§ **Directions**: The material below is to be copied exactly from the line with "Lego® Ritter Minifiguren: Waldläufer" up to and including the line with "INTT – Creamy", with nothing else kept and no pictures.

Data for review section start

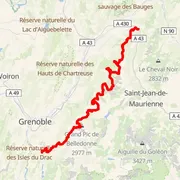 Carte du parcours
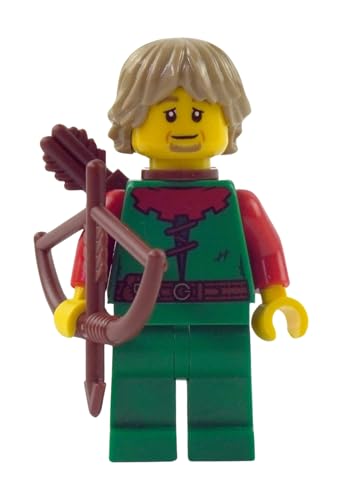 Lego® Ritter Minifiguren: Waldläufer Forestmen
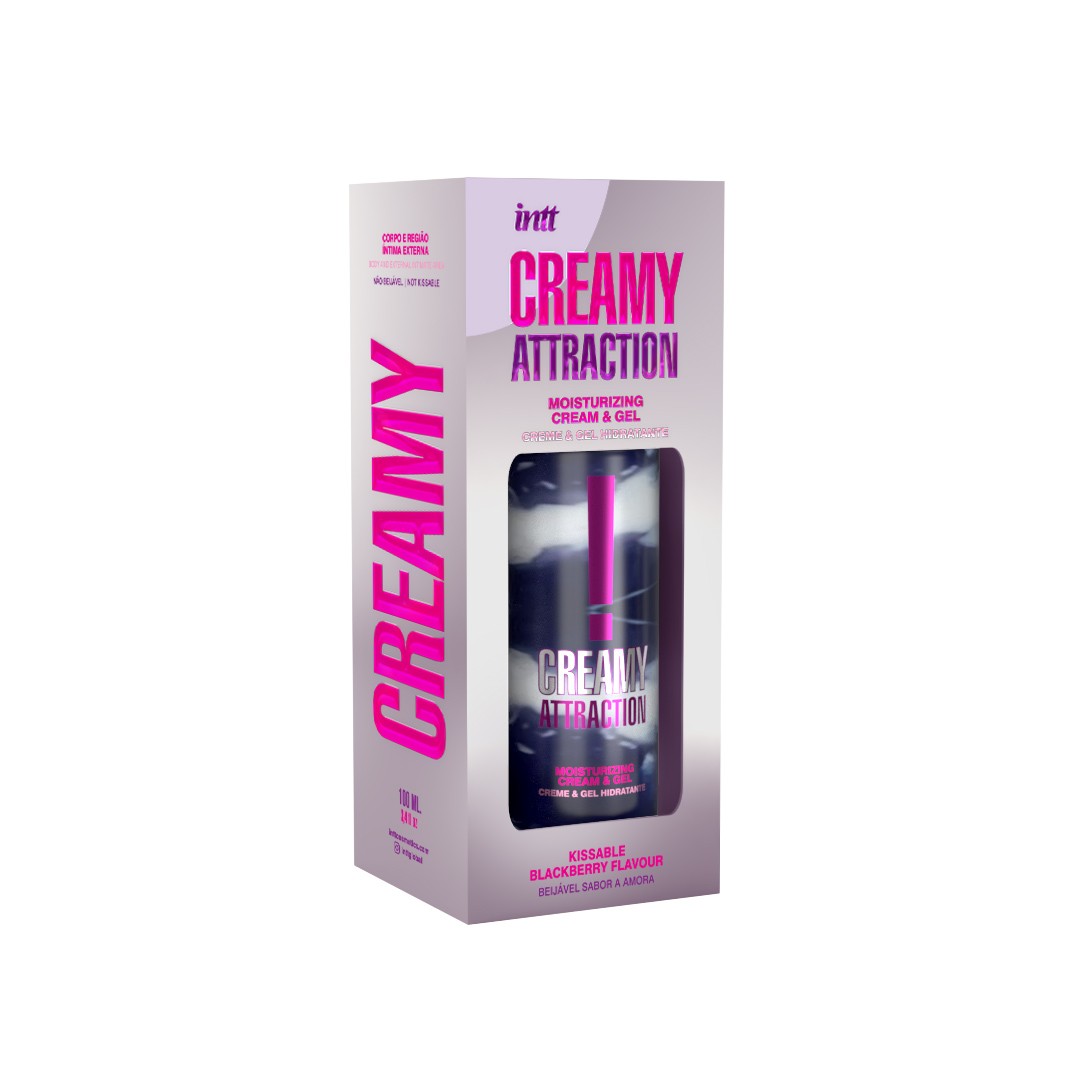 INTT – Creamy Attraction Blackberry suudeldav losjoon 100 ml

Data for review section end
Data for review section start

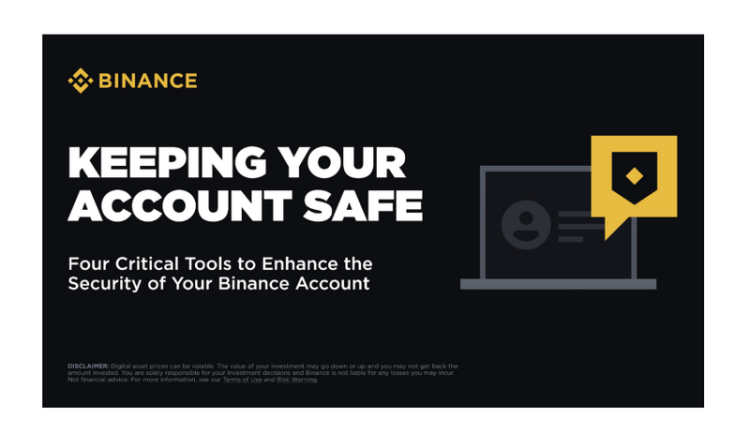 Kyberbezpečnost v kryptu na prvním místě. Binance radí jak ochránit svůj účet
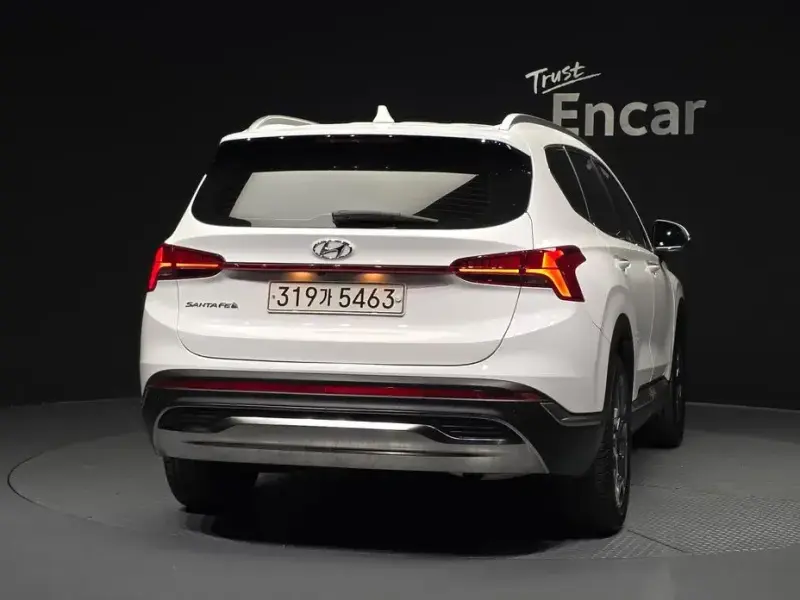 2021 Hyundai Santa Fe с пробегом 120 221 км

Data for review section end

§ **Completed exercise**:
 Lego® Ritter Minifiguren: Waldläufer Forestmen
 INTT – Creamy Attraction Blackberry suudeldav losjoon 100 ml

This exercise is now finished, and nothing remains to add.